Me aconseja un amigo chileno que abandone a mis francesas y me deje inspirar por la música de ‘Los Tres’, grupo con cierto recorrido en aquel país, a la hora de desenfundar mi estilográfica Montblanc, comprada en el famoso mercado de falsificaciones de Shanghái por lo mismo que vale un Chupa-Chups. Pesa tanto que resulta incómoda. Escribe igual que cualquier boli de los que regalan en ferias y en campañas electorales, que viene a ser lo mismo. Mal negocio.

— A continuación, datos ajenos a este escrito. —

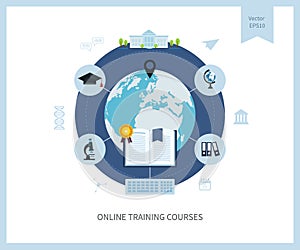 Online education and courses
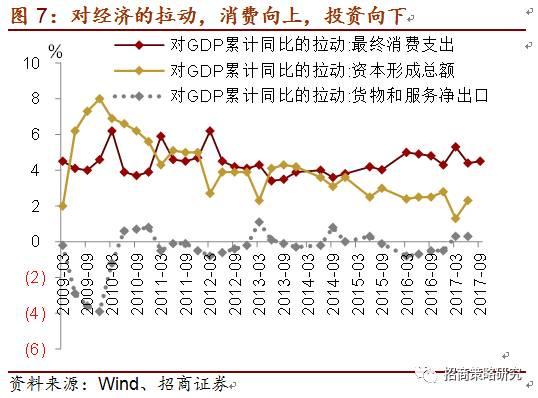 招商策略:十九大之美好生活时代的投资机会(附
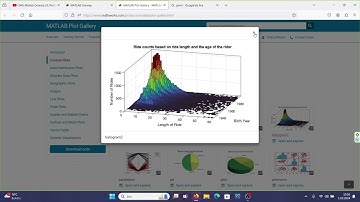 Matlab Onramp L9, Plotting Data, Verilerle Grafik Çizdirme, by (BERK SALMA)(200205012)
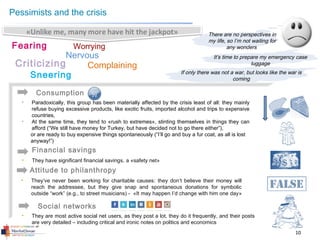 10
• Paradoxically, this group has been materially affected by the crisis least of all: they mainly
refuse buying excessive products, like exotic fruits, imported alcohol and trips to expensive
countries,
• At the same time, they tend to «rush to extremes», stinting themselves in things they can
afford (“We still have money for Turkey, but have decided not to go there either”),
or are ready to buy expensive things spontaneously (“I’ll go and buy a fur coat, as all is lost
anyway!”)
Consumption
Pessimists and the crisis
If only there was not a war, but looks like the war is
coming
Criticizing
Fearing
Complaining
Worrying
Sneering
Nervous
There are no perspectives in
my life, so I’m not waiting for
any wonders
It’s time to prepare my emergency case
luggage
• They are most active social net users, as they post a lot, they do it frequently, and their posts
are very detailed – including critical and ironic notes on politics and economics
Social networks
Financial savings
• They have significant financial savings, a «safety net»
Attitude to philanthropy
• They’ve never been working for charitable causes: they don’t believe their money will
reach the addressee, but they give snap and spontaneous donations for symbolic
outside “work” (e.g., to street musicians) - «It may happen I’d change with him one day»
 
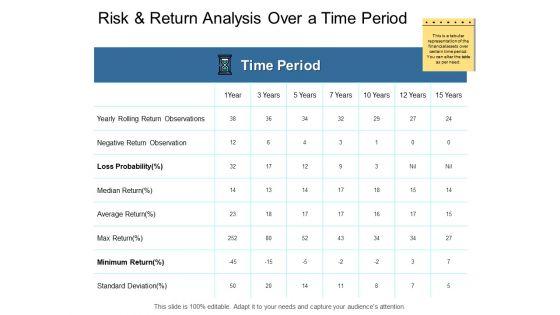 Risk_And_Return_Analysis_Over_A_Time_Period_Ppt_PowerPoint_Presentation_Ideas_Shapes_Slide_1.jpg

Le hago caso. Play. Suena la canción ‘El Rey del Mariscal’. Me ha vendido su música como folk chileno pero al escucharla solo viene a mi cabeza un señor italiano y velludo, gordo y bigotudo, escoltado por su prole. Siglo XX, blanco y negro. Viajan en un vagón de tercera, armados con acordeones que buscan relativizar el tedio del tiempo que aleja Roma de Nápoles. A su alrededor los pasajeros comparten vino. Vino en bota. A la bota le precede una mozzarella de Búfala de proporciones bíblicas. El cabeza de familia da un largo trago y reparte el queso entre su mujer e hijos, sonrientes todos cuando al morder, el líquido desliza por la comisura de los labios en cosquillas imposibles. Me gusta la canción, pero decido bajarme del tren y volver a las voces femeninas. Cuestión de confianza, animal de rituales.

Al lío.

Existe una ciudad especial. Aburrida en invierno – y a veces también en verano -, vive aislada de las miserias de nuestro tiempo. No se atisba crimen, los locos vagan felices con su locura, y los que menos tienen lo tienen todo. El monte Gurugú y los duros ex soviéticos quedan lejos, y judíos ortodoxos cohabitan con peluqueros sirios y árabes de oro.

Es Zurich. Zurich, y para enamorarse hay que vivirla un domingo de sol de septiembre. Desconectarse y pedalear hasta ‘Fork & Bottle’ para desayunar-comer-beber. Brunchear, que dicen los idiotas. Y lo serán hasta que la RAE diga lo contrario.
Primera semana de septiembre. Familias jóvenes se reencuentran y ríen tras el descanso estival. Se nota a la gente en paz. Hablan pausados mientras beben Mimosas (una guarrada que mezcla zumo de naranja y Prosecco) y comen huevos escalfados. O Eggs Benedict,  que decimos los idiotas. Para muchos, septiembre es el verdadero enero. Es el comienzo, el momento de poner los contadores a cero, compartir vino y cigarro con los de cerca e ilusionarse por el Nuevo curso que empieza. Uno se llena de nobles propósitos. Desea aprender más y trabajar mejor, querer más y también querer mejor. Septiembre es el mes de la gente, donde todos tenemos nuestras capacidades intactas y quien más quien menos se promete cambiar su mundo desde ya.

Lejos de Zurich vive Lima, de la que nada sé, pero que según me cuentan bien podría llamarse la ciudad de los cables. Los cables tejen una telaraña urbana que protege a los mortales de un cielo blanquecino, gris, anodino. Uno se acostumbra a los cables, y termina por darles color y llenarlos de luz. Están siempre ahí. Enredados y sin poder desenredarse.

Todos tenemos un mar de cables sobre nosotros. Unas veces protegen y otras, las más, ensucian. La ecuación se resuelve escapándose cada poco a sitios como ‘Fork & Bottle’, volviendo cada día a nuestro septiembre particular. A la ilusión de pintar una y otra vez los cables de Lima.